The One Tiny Detail the Best Car Designers Obsess Over

Jodi Lai
by Jodi Lai

When most people imagine automotive designers doing what they do, they picture creative types wearing thick-frame glasses and scarves sketching out cars or making clay models.

Pencils and sculpting tools are important, but there is one tool that gets a lot of use that the average person might not think about: A micometer, which is a tool for measuring tiny distances. This is because there is one tiny detail that best car designers obsess over, and it’s not something as obvious, sexy, or marketable as a grille design, headlight shape or character line; it’s panel gaps.

Lead Infiniti designer Alfonso Albaisa, who actually doesn’t wear thick frame glasses or scarves, opting instead for sharp and fitted three-piece suits, admits that he obsesses over tight panel gaps.
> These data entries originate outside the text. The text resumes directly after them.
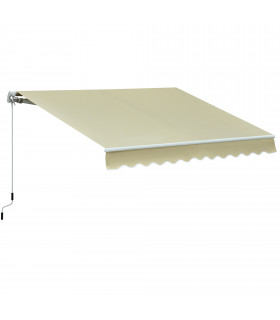 Manual Retractable Awning 100% polyester Cream 295cm x 250cm x 160cm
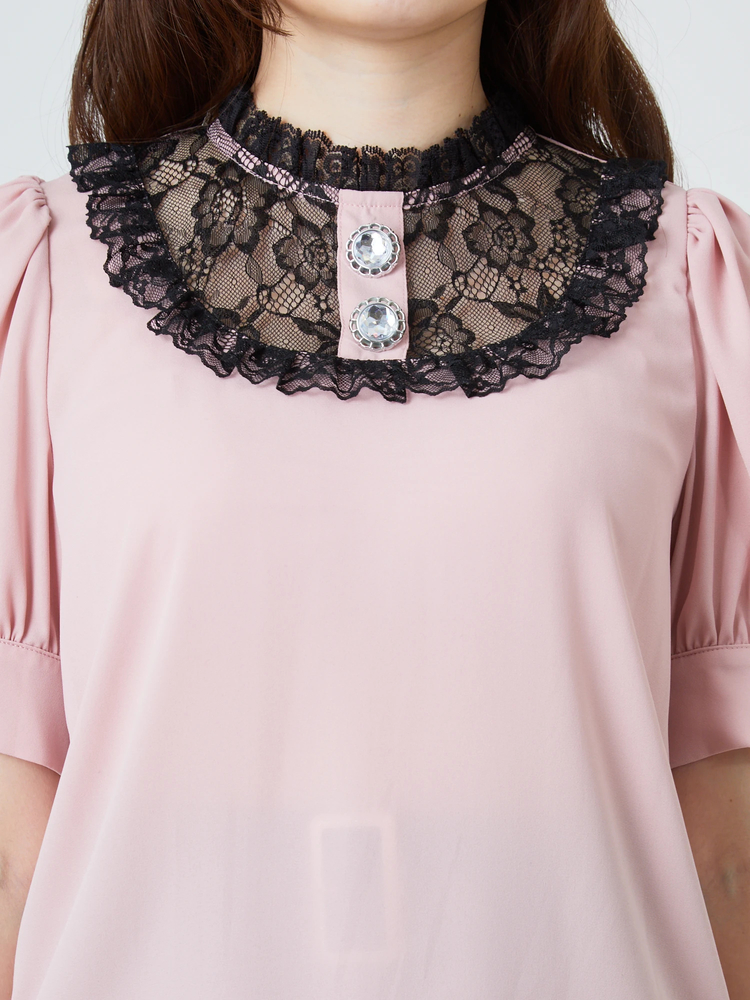 フランスアンティークプリーツプリーツフリルコットンレースたくさん FrenchVintagelaceBlouse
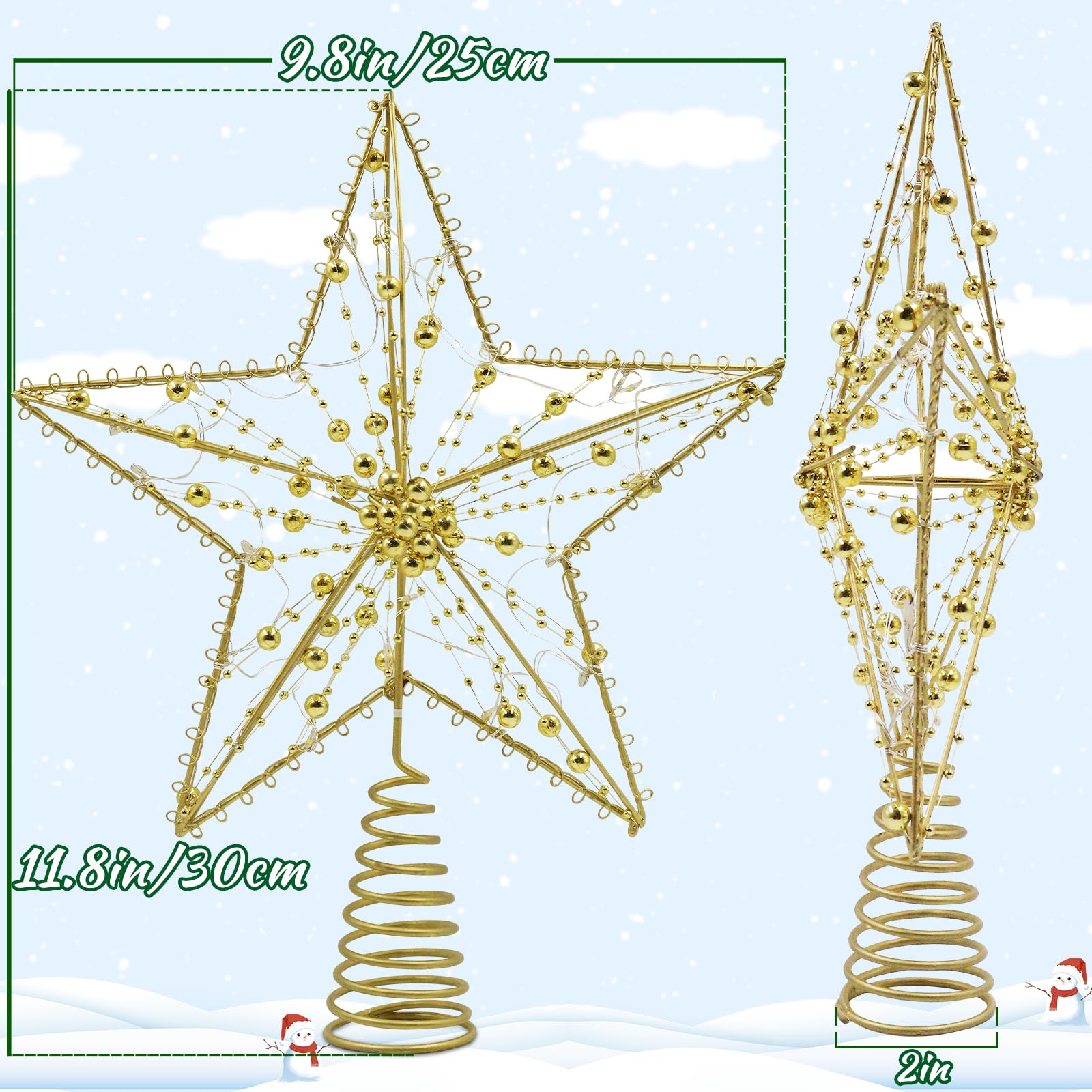 AUMAYCO Gold Christmas Tree Topper Star with Warm White LED Lights and Pearl Beads, 20 LED Lights Star Tree Topper for Christmas Tree Decorations and Xmas Holiday Seasonal Décor, Battery Required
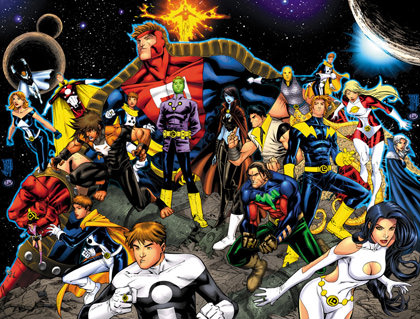 Drawing of the various members of the Legion of Super-Heroes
And he’s not the only one — Audi designer Jakob Hirzel also mentioned the same preoccupation with keeping those panels close.
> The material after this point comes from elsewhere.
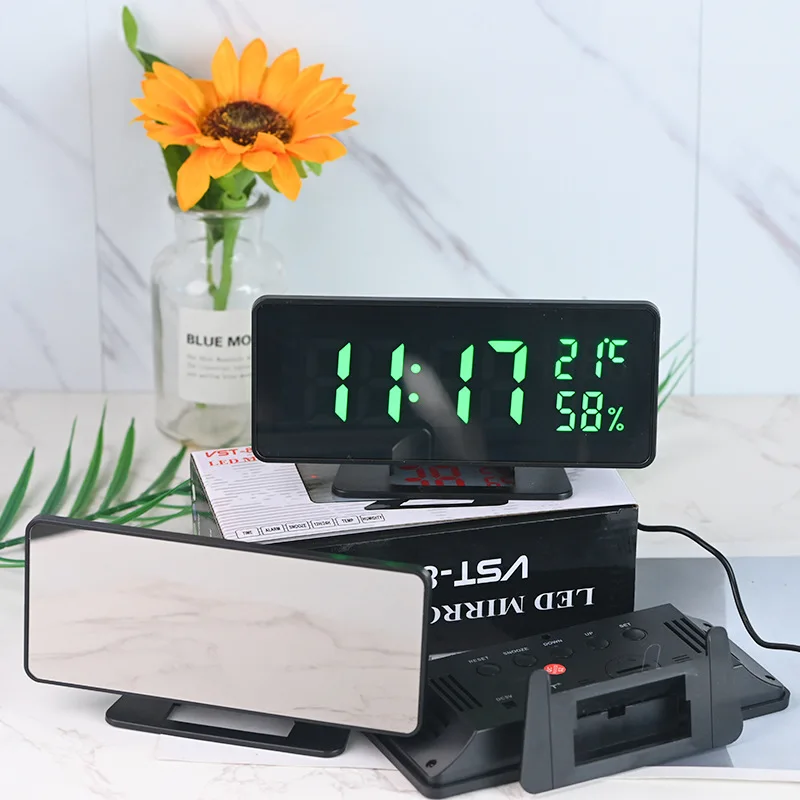 Mirror Digital Alarm Clock with Temperature Humidity 3 Alarms Snooze Desk Table Clock Night Mode 12/24H USB Electronic LED Clock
ALSO SEE: Top 5 Most Beautiful Cars that Inspire Infiniti’s Genius Designer

“What happens is people can’t articulate it, but if you don’t have [tight parting lines], the car feels noisy and messy,” Albaisa says. If a design is done well and the gaps look seamless, a car gives off a sense of luxury, quality and cohesiveness, but if the gaps are uneven or too big, people will automatically feel that something is off, even without being able to pinpoint why.

When asked about his favorite design element of the swoopy Infiniti Q60, Albaisa emphasized how important tight panel gaps were, and how closely engineering and design worked together to give the coupe’s panels “very, very deep stamping, because it helps maintain tight parting lines.” In regular person speak, deep stamping means thinner and more precise body panels, which isn’t an easy thing to achieve, especially when working with sheetmetal as curvy as an Infiniti’s.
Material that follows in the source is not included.